I agree with a part of what jhourcle said above. The best fit would be the regex that matches, with the LEAST odds of matching.

IE, let's say you have regex "blah.*blah" and regex "blah".

And a string that matches both. I would say that the best match would be the first, because this has smaller odds of matching any given string of length n.

This seems to cover all cases to me. Where would this not be true?

Replies are listed 'Best First'.
Re^2: Most specific pattern
by thor (Priest) on Jul 01, 2005 at 17:02 UTC
    I agree with this...however, the devil's in the details. Given an arbitrary regex, how does one create a metric around how many non-wildcarded characters are in it? Is there a module that takes care of this?
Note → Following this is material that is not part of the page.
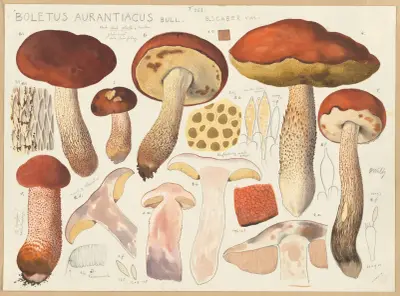 Boletus aurantiacus Bull. av Hans Walty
Or at least one that one could bend to make it fit?

    thor

    Feel the white light, the light within
    Be your own disciple, fan the sparks of will
    For all of us waiting, your kingdom will come

      That was just one of the metrics that I could think of... unless the number of regexes were so large that you couldn't rank them yourself (Going with the assumption that I know more about the process than a regex does)

      If I had to go completely on just odds of matching, I would think it'd be easiest to take a representative sample of inputs, and test them against each of the regexes, and build a table with the odds.

      If you don't have a log of those inputs for testing, then we'd have to get more creative ... I might use something like the following --

      • Any character or zero width assertion gets 1 point. (unless the assertion is pointless, like '\W\b\w'
      • Any character class of n characters gets f(n) points, where f(n) yields a number less than one, and decreases as n increases (maybe 1/n, or sqrt(1/n) )
      • Quantifiers reduce the value of the items they modify ... perhaps as multipliers... ( ? = 0.5; + = 0.6; * = 0.25; +? = 0.7; *? = 0.35 ) (I'm just pulling numbers out of the air...you'd want to tweek the numbers 'till you get good results for your situation).
      • Alterations provide something less than the points value of each of its possibilities. (I have no clue on a formula for this one...)

      I'm not aware of a module to do this sort of things, but that doesn't mean that there isn't one out there.